Was die Post mit ihrer Strategie 2020 erreichen will
Auch der Kohlenstoffdioxid-Ausstoß soll verringert werden: Bis 2020 will die Post ihre Energie-Effizenz um 30 Prozent verbessern. Vor kurzem kaufte der Dax-Konzern zum Beispiel den deutschen Elektroauto-Entwickler Streetscooter auf.
Die Aktie Gelb soll weiter steigen: Post-Chef Frank Appel möchte zur ersten Wahl für Anleger werden. Zwischen 40 und 60 Prozent des Nettogewinns sollen die Aktionäre jährlich als Dividende ausgeschüttet bekommen.
Auch die Kundenzufriedenheit soll steigen - auf über 80 Prozent. Nach Recherchen der WirtschaftsWoche beschwerten sich allerdings vor allem deutsche Großkunden zuletzt über die Briefzustellung.
Der Gewinn ist die wichtigste Ziellinie in der Strategie 2020: Bis zum Ablauf der Frist will Appel fünf Milliarden Euro Plus machen. Dazu müsste er pro Jahr den Gewinn um acht Prozent steigern. Die Brief- und Paketsparte, die ihren Umsatz vor allem in Deutschland macht, soll drei Prozent Gewinnsteigerung pro Jahr dazu beisteuern - das Expressgeschäft, die Logistik- und Speditionssparten müssen zehn Prozent mehr im Jahr verdienen.
Kein anderer Dax-Konzern hat so konkrete und zugleich so ehrgeizige Ziele.
In Deutschland hat der durch den Onlinehandel ausgelöste Paketboom die Deutsche Post weit nach vorne getrieben. Jetzt will der Bonner Konzern diesen Effekt auch in den Schwellenländern mitnehmen: Bis 2020 soll sich der Marktanteil in diesen Regionen von 22 auf 30 Prozent erhöhen. Der Fokus liegt dabei auf Brasilien, Indien, China, Russland und Mexiko.
Auch bei den Mitarbeitern möchte die Post die erste Wahl sein. Ziel des Vorstand ist es, in den Mitarbeiterbefragung eine Zustimmungsquote von über 80 Prozent zu erlangen. Zuletzt lag die Quote bei ungefähr 70 Prozent.

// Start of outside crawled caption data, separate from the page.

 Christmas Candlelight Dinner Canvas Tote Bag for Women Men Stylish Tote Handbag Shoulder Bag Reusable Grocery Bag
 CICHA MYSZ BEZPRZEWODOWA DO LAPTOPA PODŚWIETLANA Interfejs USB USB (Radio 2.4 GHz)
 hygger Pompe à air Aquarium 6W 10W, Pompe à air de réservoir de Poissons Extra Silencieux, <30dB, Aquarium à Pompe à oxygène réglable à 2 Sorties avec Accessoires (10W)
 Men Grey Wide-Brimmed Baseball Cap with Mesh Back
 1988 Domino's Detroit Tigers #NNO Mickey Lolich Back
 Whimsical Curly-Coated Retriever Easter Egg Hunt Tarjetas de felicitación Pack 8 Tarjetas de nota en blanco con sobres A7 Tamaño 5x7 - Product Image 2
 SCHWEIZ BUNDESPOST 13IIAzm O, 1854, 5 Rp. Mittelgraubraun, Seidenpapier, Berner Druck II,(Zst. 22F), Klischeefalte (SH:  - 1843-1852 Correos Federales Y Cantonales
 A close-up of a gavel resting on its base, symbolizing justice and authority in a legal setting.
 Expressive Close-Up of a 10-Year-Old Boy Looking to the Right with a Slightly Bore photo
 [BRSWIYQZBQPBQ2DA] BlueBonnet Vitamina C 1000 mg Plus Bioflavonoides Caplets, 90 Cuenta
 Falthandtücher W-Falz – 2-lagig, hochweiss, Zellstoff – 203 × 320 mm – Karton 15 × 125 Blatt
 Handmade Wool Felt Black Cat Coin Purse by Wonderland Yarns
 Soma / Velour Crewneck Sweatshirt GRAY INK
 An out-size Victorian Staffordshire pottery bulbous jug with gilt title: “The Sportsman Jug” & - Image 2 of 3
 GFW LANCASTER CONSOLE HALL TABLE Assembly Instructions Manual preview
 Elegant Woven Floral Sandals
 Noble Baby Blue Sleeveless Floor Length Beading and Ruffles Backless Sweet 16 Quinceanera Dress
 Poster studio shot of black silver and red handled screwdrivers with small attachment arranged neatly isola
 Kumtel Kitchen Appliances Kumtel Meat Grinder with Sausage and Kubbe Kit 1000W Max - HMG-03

Die Post will ihren Kunden über ihre Tochter Post Service ähnliche Dienstleistungen und Garantien anbieten wie Volkswagen oder Mercedes. „Es wird eine Werkstattgarantie wie bei klassischen Autoherstellern geben“, so Gerdes. „Wir haben bereits einige Hundert Werkstätten in Deutschland zertifiziert, die den Streetscooter warten können – bisher für uns, künftig auch für Fremdkunden.“
Offenbar ist die Nachfrage so hoch, dass Post und Streetscooter bereits über ein drittes Werk nachdenken. Das werde aber näher bei möglichen Fremdkunden liegen, sagte Gerdes der „Rheinischen Post“. Außerdem prüfe man auch den Sprung nach Übersee, beispielsweise Indien, Thailand oder die USA. „Auf Dauer ist ein Verkauf von 100.000 Stück pro Jahr mit dann zehn Werken weltweit denkbar“, erklärte Gerdes. Ein Börsengang sei zwar „nicht geplant, aber auch nicht ausgeschlossen“, fügte er hinzu.